Unlike several interpretations of the charge by other artists, where every soldier and every detail is rendered with photographic precision, Michalowski strips the canvas of all extraneous elements. Instead, the charge presents itself as a dream-like flash. The dark background, and the imperceptibility of much of the landscape itself, heightens the sense of focus on the charging soldiers themselves, who tear through the ravine like a hurtling train. The Spaniards are barely discernible in the background, and only the faint silhouettes of some guns and a few bobbing heads suggest the enemy itself. What's important to Michalowski is the act - and not the details of it.

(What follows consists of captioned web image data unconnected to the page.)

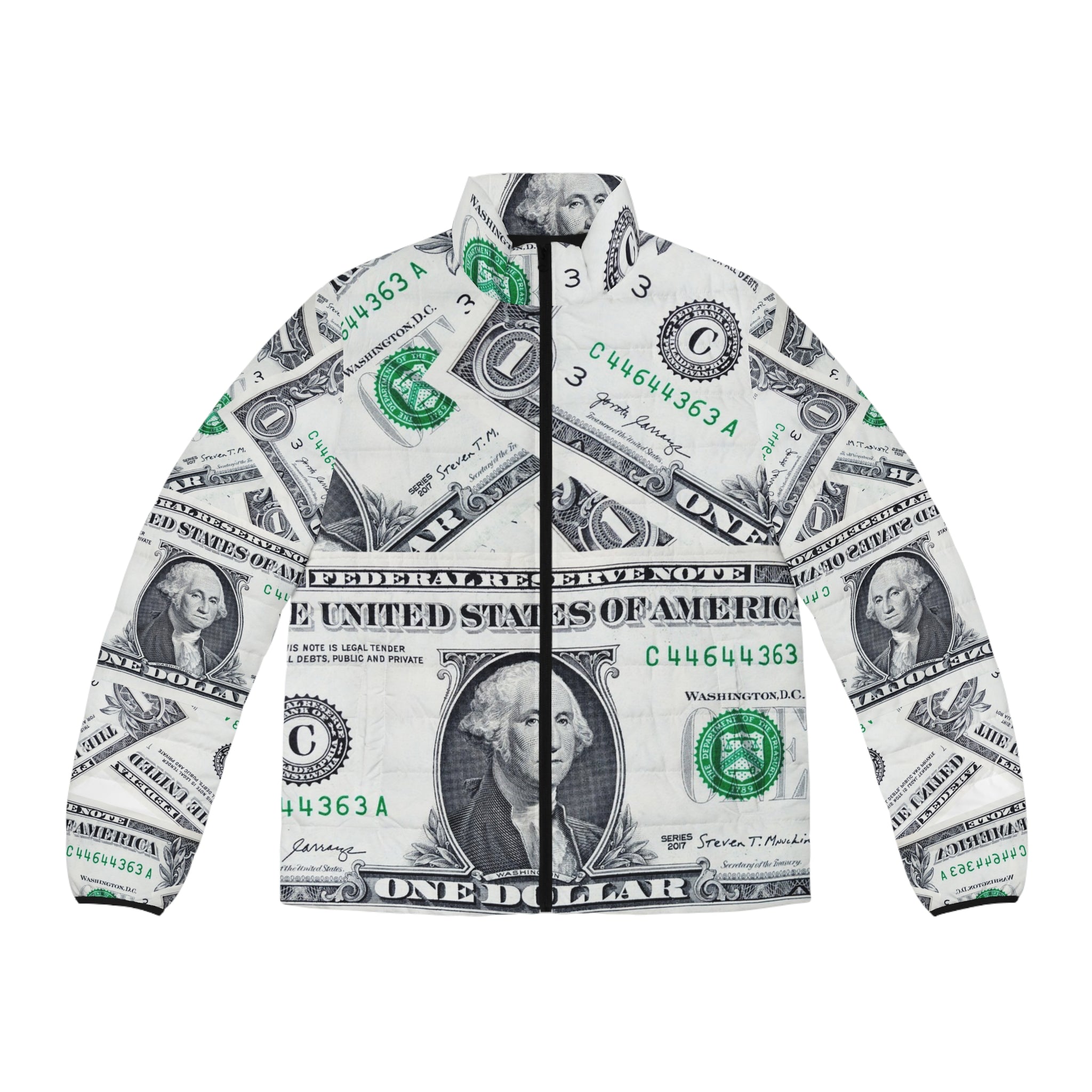 Money Collage Men's Puffer Jacket (AOP), Artsulli - Art is Long, Life is Short, All Over Prints, Size, S, Color, Black zipper, , , 18708610018282862162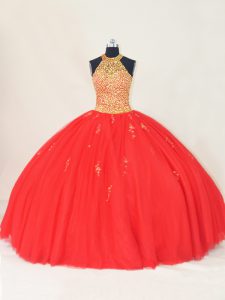 Red Quinceanera Gown Sweet 16 and Quinceanera with Beading and Appliques Halter Top Sleeveless Lace Up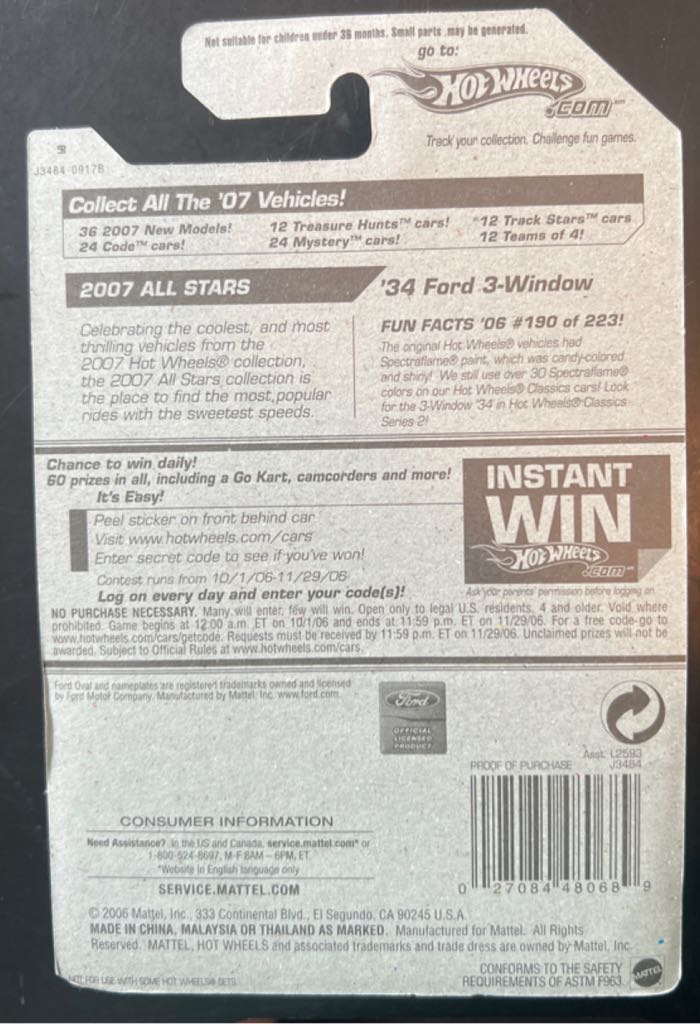 ’34 Ford 3-Window - Hot Wheels toy car collectible - Main Image 2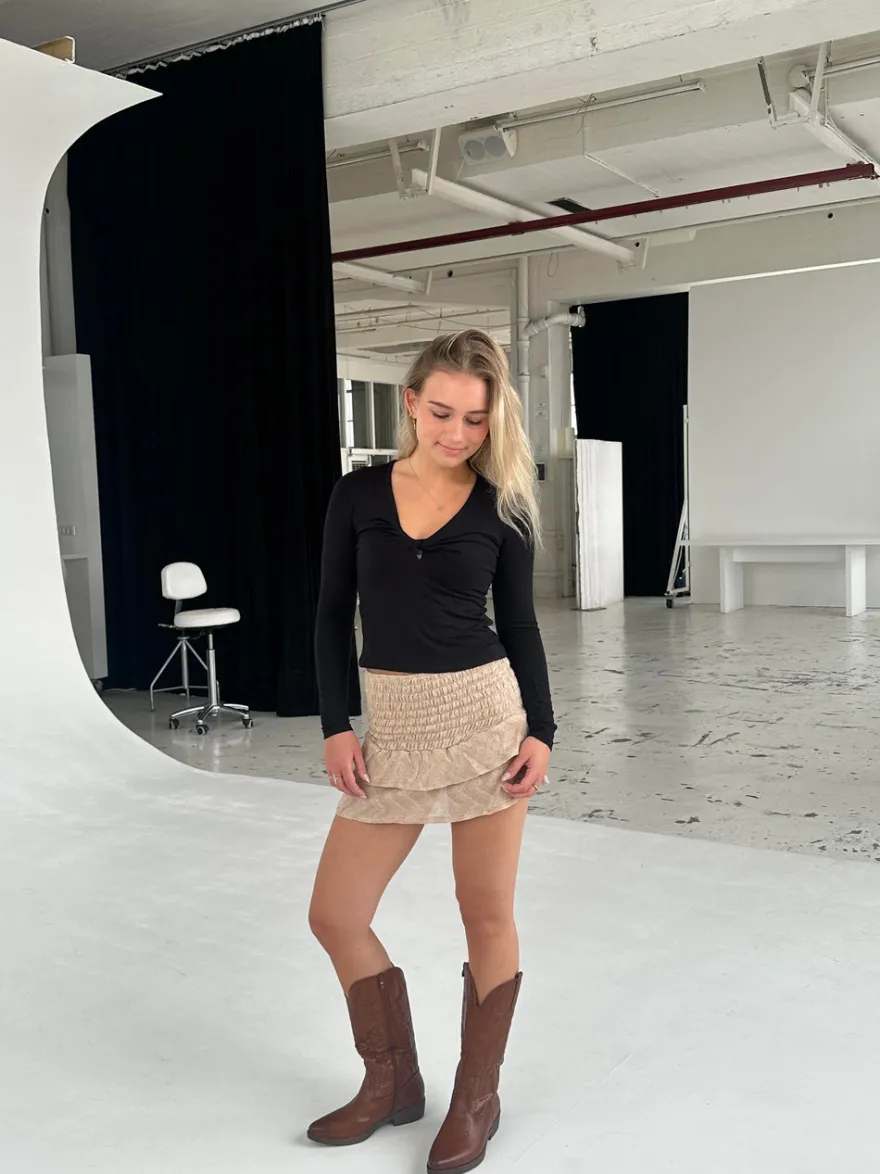 Design By Si Ayia nederdel/top - Beige Discount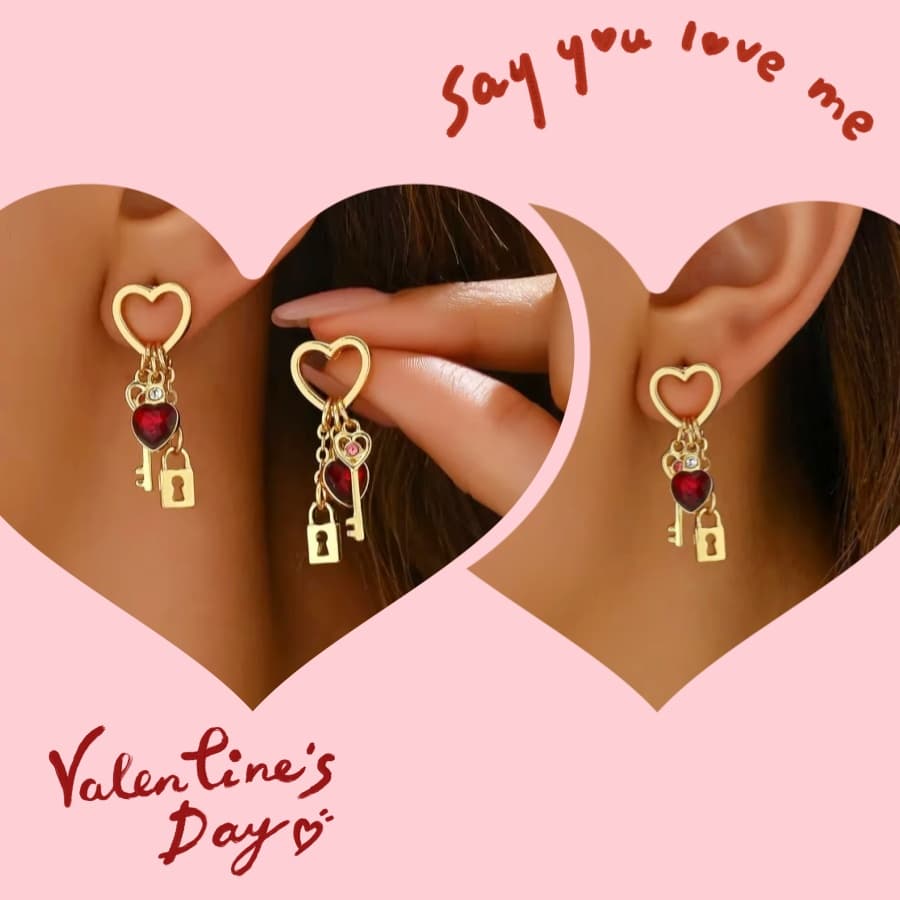 Aretes de forma de candado con cristales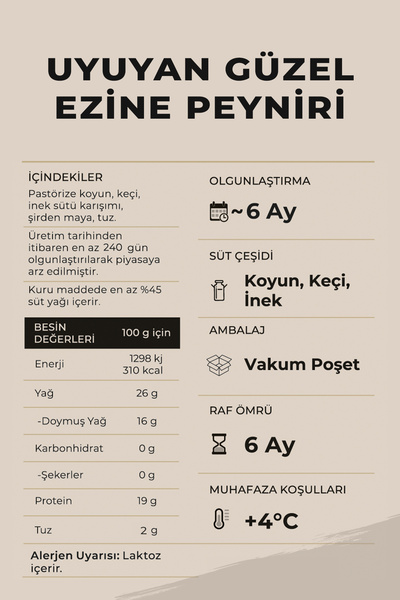 Ariste Uyuyan Güzel Tam Yağlı Ezine Peyniri 450 gr (KOYUN SÜTÜ AĞIRLIKLI) – Olgunlaştırılmış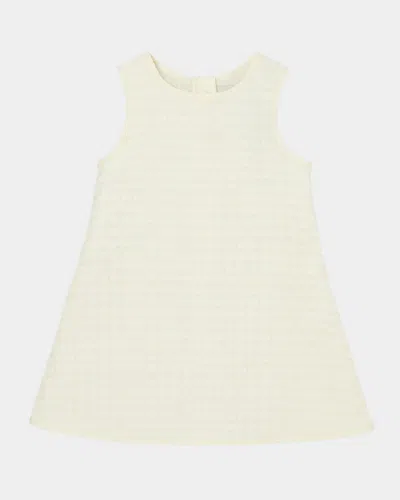 Moncler Kids' Girl's Quilted A-line Dress In Ivory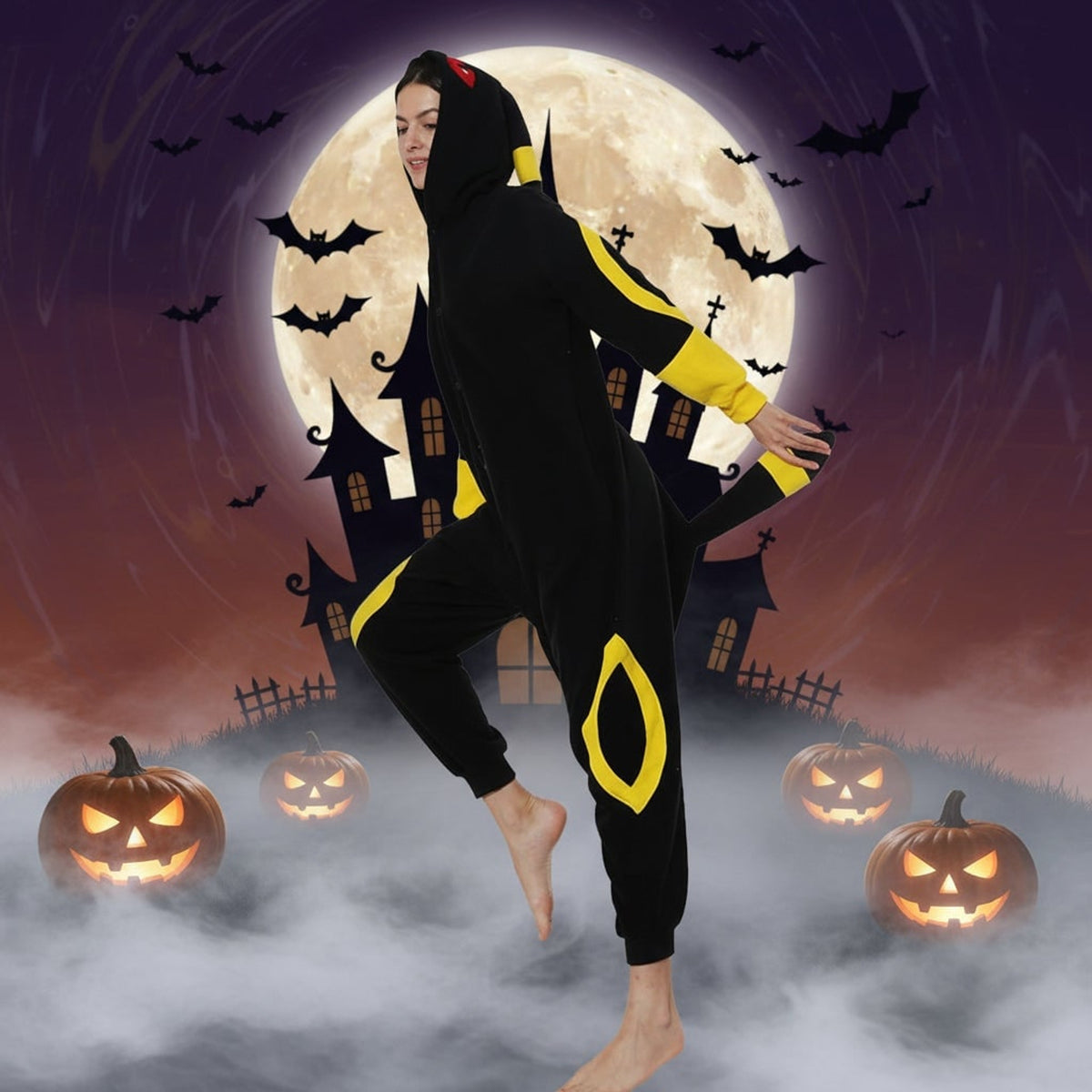 Onesie For Halloween Kids' Christmas Pajamas With Playful Character Hood - Image 3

Indeed, when compared to the work of other artists, Michalowski's soldiers appear to be painted in a very free manner. It is not possible to identify individual officers, who swirl and shimmer with the blurred haze that comes with high speed action. Yet each figure is painted with an extraordinary and exquisite mastery of the human form, a mastery that can also be found in the horses. And these men are not painted in conventional poses, they are rendered in all manner of contorted positions - the kind of extremes that are only to be found in extraordinary situations such as battle. Some are being thrown from their mounts, others strain to maintain their grip, yet Michalowski handles this panoply of varied poses so deftly that it all appears completely natural and uncontrived. So convincing is the sense of blistering movement, that the line between frozen and actual movement becomes a fine one.

The stripping away of peripheral detail, and the absence of anything discernible on the horizon, was surely not accidental. The Poles seem to be charging into a kind of oblivion. And this painting, which was composed in 1846, at a time when Polish prospects were bleak, expresses that perfectly. In 1846, thirty years had passed since the Napoleonic dream was snuffed out, and fifteen since the doomed November Uprising against the Russians (which Michalowski himself had helped to organize). For all the glory of the past, things did not look rosy.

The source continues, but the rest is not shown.